S'il s'agit d'un jeune diabétique, l'orientation professionnelle doit être entreprise précocement dès la période scolaire afin de choisir des professions compatibles avec un diabète insulinodépendant : sécurité, horaires, déplacement, activité physique.

Les dispositions réglementaires ne concernent que la fonction publique .

 

* Métiers interdits aux diabétiques :

- les métiers à risque : pilote d'avion, conducteur de poids lourds et de transporteurs en commun, aiguilleur, conducteur de train.

- la SNCF , l'EDF, les PTT n'excluent pas systématiquement les candidatures des jeunes diabétiques, celles-ci sont examinées une par une, la décision revient au médecin du travail mais les emplois de sécurité leur sont interdits.

- l'armée n'admet pas les diabétiques.

- pour la fonction enseignante : les diabétiques sans complications dégénératives sont admis (circulaire du 4 mai 1972).

- certains emplois outre-mer, ingénieur géographe, agent technique géographe.

- les métiers interdits aux sujets qui n'ont pas effectués leur service militaire : ingénieur des eaux et forêts, du génie rural, emploi dans les douanes et le service de sûreté nationale.

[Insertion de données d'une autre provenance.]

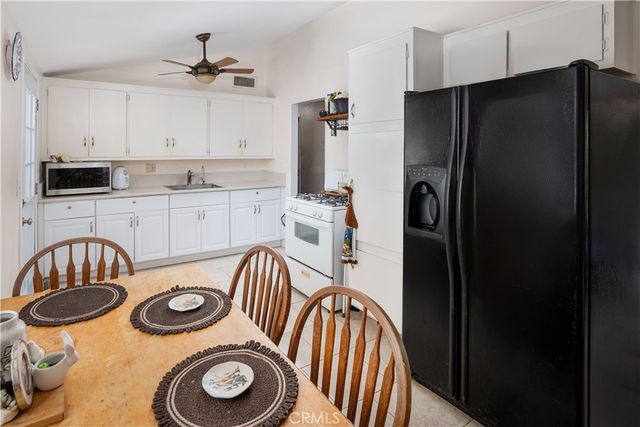 19026 Stillmore, Canyon Country, CA 91351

- les services de lutte contre les incendies, de surveillance des établissements pénitenciers, aviation civile et commerciale, enfin, contrôleur et inspecteur du travail de la sécurité sociale, ponts et chaussées

Pour tous les autres emplois de la fonction publique , la décision relève des médecins assermentés, des comités médicaux de chaque département ministériel. Les textes sont imprécis et souvent interprétés d'une façon abusive aboutissant à des refus d'embauche. Il faut donc souligner l'importance de la circulaire du 25 août 1960 confirmée en 1969 "en l'absence d'une disposition interdisant formellement l'accès de la fonction publique aux diabétiques, ceux-ci ne peuvent être exclus systématiquement de l'entrée dans le cadre des administrations de l'état. Les avis autorisés recueillis tant auprès de la commission d'experts chargés d'examiner le problème général des conditions d'aptitude physique pour la nomination à un emploi de l'état, conduisent à n'exclure de manière absolue que les candidats atteints de lésions dégénératives. Rien ne s'oppose à admettre les autres diabétiques sauf évidemment pour pourvoir à des postes de sécurité". En revanche, dans les entreprises hors de la fonction publique, aucune disposition réglementaire ne prévaut, ce qui peut être à l'origine d'interdits abusifs ou d'attitude laxiste.

Dans ces conditions, il conviendra d'aider le patient à choisir sa profession ou à se reconvertir en tenant compte :

- des métiers nécessitant des horaires irréguliers

- des travaux soumettant à un stress important ou à une activité physique épuisante.

- les métiers de sécurité pouvant être dangereux pour l'individu ou la collectivité.

- les métiers dont l'exercice est rendu difficile par une complication oculaire surtout, on déconseillera par exemple à un jeune de s'orienter vers des emplois nécessitant une excellente acuité visuelle.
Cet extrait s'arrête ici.